Just found the code in my sources:myfreexp wrote:As I said in my initial bug post, there are clearly defined rules what is a valid UTF-8 byte sequence and what not. Based on these rules, I once wrote such a function myself years ago, and I'm happy to contribute it - please advise.

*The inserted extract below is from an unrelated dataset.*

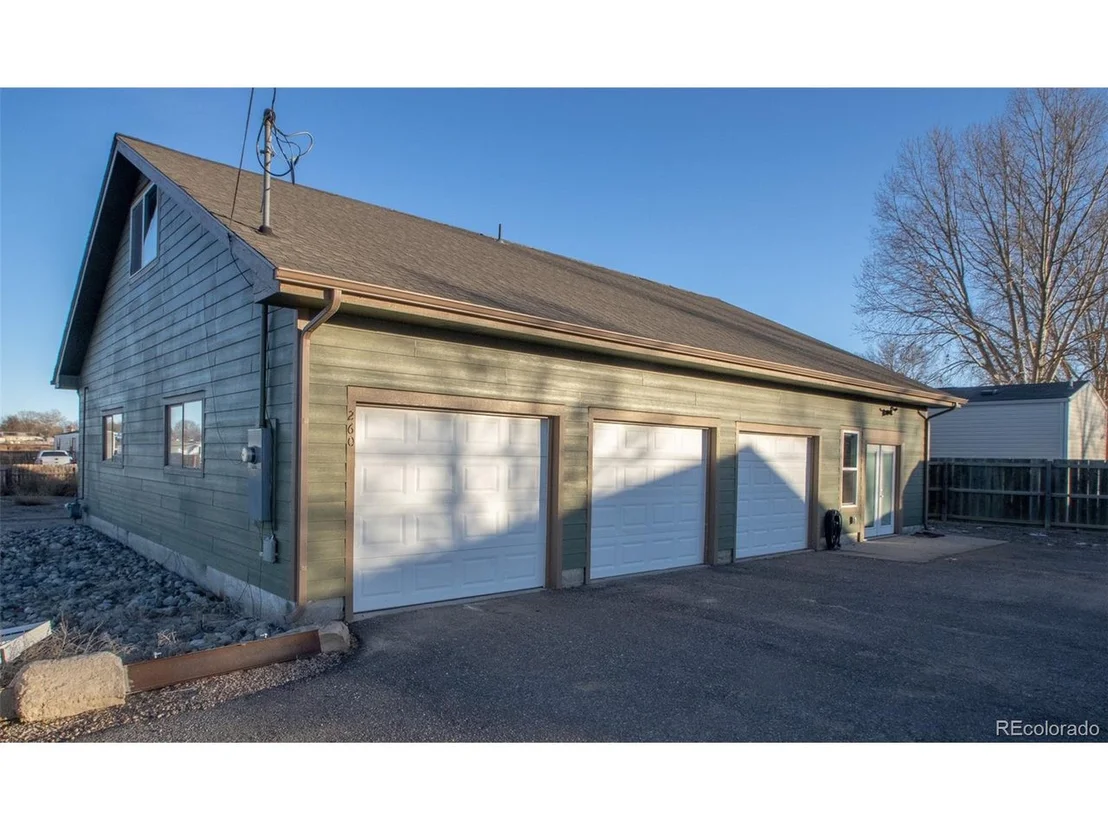 Photo of 260 4th Ave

You would just need to translate it from Turbo Pascal to Delphi.
Code: Select all
{ my: Prüfung auf gültiges UTF-8 gemäß "The Unicode Standard, Version 4.0" }
{ (siehe <http://www.unicode.org/versions/Unicode4.0.0/ch03.pdf>, 3.9) }
{ und RFC3629 (November 2003, supersedes RFC2279) }
function valid_UTF8(const cvt:string):boolean;
var ok : boolean;
sp : byte;
begin
ok:=byte(cvt[1]) in [$c2..$f4];
sp:=1;
while ok and (sp<length(cvt)) do
begin
inc(sp);
if sp=2 then { 2. Octet prüfen! }
begin
case byte(cvt[1]) of
$e0 : ok:=byte(cvt[sp]) in [$a0..$bf]; { 3-Octet-Sequenzen mit E0 }
$ed : ok:=byte(cvt[sp]) in [$80..$9f]; { 3-Octet-Sequenzen mit ED }
$f0 : ok:=byte(cvt[sp]) in [$90..$bf]; { 4-Octet-Sequenzen mit F0 }
$f4 : ok:=byte(cvt[sp]) in [$80..$8f]; { 4-Octet-Sequenzen mit F4 }
else
ok:=byte(cvt[sp]) in [$80..$bf]; { alle übrigen Sequenzen }
end;
end
else ok:=byte(cvt[sp]) in [$80..$bf]; { 3.-4. Octet prüfen }
end;
valid_UTF8:=ok;
end;